With Halloween approaching, now is a good time to remember one of the most haunting moments in cinematic history—the iconic shower scene from Alfred Hitchcock’s 1960 movie Psycho.
It shows the female protagonist, Marion Crane (played by Janet Leigh) being stabbed to death by a shadowy figure, as she is taking a shower in her motel room. The killer is later revealed to be the motel’s owner, Norman Bates (Anthony Perkins).
The memorable, two-minute scene—which Hitchcock (1899–1980) spent seven days shooting from numerous angles—does not show any graphic or grisly details of Marion’s demise (besides blood dripping down the bathtub drain and a deafening shriek). Yet, it remains to this day one of the most chilling moments in the motion picture history. Its fear factor is no doubt amplified by a musical score by Bernard Hermann; the shrieking sounds he composed aptly reflect the danger and terror Marion feels as she is dying.

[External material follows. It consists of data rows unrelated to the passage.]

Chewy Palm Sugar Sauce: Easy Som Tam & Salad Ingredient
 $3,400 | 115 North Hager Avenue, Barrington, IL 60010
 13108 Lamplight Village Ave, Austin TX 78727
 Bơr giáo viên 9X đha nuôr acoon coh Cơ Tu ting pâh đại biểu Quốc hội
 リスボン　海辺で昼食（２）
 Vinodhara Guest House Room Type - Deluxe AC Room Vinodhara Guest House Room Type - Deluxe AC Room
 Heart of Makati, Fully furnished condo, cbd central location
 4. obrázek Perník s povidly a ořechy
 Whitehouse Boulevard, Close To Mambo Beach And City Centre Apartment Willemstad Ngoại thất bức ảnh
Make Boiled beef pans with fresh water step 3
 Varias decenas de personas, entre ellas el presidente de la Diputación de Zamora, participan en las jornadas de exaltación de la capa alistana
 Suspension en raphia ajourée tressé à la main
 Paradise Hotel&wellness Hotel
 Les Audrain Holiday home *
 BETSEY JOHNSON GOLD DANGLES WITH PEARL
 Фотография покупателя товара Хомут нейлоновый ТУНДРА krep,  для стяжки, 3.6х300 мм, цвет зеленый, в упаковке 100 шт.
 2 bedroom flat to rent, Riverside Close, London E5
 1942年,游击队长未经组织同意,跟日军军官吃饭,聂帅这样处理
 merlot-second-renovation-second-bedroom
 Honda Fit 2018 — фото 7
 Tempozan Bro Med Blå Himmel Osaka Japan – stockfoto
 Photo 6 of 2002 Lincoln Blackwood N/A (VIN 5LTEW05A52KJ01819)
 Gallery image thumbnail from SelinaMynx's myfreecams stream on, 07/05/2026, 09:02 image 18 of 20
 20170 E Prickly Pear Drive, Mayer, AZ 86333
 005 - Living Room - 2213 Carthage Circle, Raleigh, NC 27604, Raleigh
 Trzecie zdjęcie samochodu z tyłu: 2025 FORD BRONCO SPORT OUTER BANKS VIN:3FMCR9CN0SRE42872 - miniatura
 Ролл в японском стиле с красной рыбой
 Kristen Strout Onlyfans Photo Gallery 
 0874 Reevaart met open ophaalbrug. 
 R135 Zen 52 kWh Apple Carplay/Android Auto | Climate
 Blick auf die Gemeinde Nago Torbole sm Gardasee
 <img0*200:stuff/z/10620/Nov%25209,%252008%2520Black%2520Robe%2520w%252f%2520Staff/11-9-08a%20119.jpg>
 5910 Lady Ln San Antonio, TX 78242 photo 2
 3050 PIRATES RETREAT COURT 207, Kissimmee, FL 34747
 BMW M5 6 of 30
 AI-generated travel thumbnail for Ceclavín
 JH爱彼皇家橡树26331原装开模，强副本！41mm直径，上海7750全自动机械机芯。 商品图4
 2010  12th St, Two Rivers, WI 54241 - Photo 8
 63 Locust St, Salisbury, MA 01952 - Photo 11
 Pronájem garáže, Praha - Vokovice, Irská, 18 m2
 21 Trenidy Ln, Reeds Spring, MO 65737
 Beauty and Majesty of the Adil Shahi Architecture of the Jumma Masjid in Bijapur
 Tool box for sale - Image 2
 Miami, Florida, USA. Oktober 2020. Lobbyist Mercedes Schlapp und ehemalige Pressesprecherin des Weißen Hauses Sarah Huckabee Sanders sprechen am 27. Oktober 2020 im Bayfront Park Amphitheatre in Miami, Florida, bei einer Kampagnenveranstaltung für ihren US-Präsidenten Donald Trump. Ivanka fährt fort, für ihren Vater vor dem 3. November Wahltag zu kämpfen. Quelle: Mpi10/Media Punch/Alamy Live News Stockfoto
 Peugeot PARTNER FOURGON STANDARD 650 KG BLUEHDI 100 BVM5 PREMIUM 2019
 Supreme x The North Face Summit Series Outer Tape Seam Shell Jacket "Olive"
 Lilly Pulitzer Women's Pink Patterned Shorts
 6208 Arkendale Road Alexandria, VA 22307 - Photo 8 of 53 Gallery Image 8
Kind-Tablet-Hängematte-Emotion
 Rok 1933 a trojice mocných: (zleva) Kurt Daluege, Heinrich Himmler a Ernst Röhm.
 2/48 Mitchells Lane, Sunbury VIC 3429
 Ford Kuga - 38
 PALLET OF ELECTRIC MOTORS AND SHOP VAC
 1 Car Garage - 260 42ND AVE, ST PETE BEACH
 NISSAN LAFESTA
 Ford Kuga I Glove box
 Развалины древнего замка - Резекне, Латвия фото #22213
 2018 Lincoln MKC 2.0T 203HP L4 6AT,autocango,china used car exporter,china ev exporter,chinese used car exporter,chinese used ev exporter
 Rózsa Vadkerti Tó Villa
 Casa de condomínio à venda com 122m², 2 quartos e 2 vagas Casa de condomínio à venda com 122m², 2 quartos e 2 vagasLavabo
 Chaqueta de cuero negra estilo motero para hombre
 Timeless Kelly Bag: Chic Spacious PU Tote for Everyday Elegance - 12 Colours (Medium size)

The scene is the subject of a new feature-length documentary by Swiss filmmaker Alexandre Phillippe. Its cryptic title, 78/52, represents the number of camera shots and cuts, respectively, that Hitchcock did to portray the murder.
“I decided to make this film because of my passion for Hitchcock,” Philippe told BBC, adding that the shower clip “is for me really the greatest, most important, most extraordinary scene in the history of movies.”
The master of suspense that he was, Hitchcock had a knack for filming hair-raising moments. As author David Sterritt wrote in the newly-published work Simply Hitchcock (one of Simply Charly Great Lives series books), when Psycho opened, the filmmaker left nothing to chance, extending his directorial guidance to the movie’s early audiences:
“Hitchcock personally supervised, complete with instructions telling exhibitors to keep the lights off for 30 seconds after the end titles. ‘During these 30 seconds of stygian blackness,’ the directions from the director said, ‘the suspense of Psycho is indelibly engraved in the mind of the audience, later to be discussed among gaping friends and relations. You will then bring up houselights of a greenish hue, and shine spotlights of this ominous hue across the faces of your departing patrons.’”
One of them was American director Peter Bogdanovich, who attended the first press screening after the film’s release. “It was actually the first time in the history of movies that it wasn’t safe to be in the movie theatre,” he notes in Philippe’s documentary.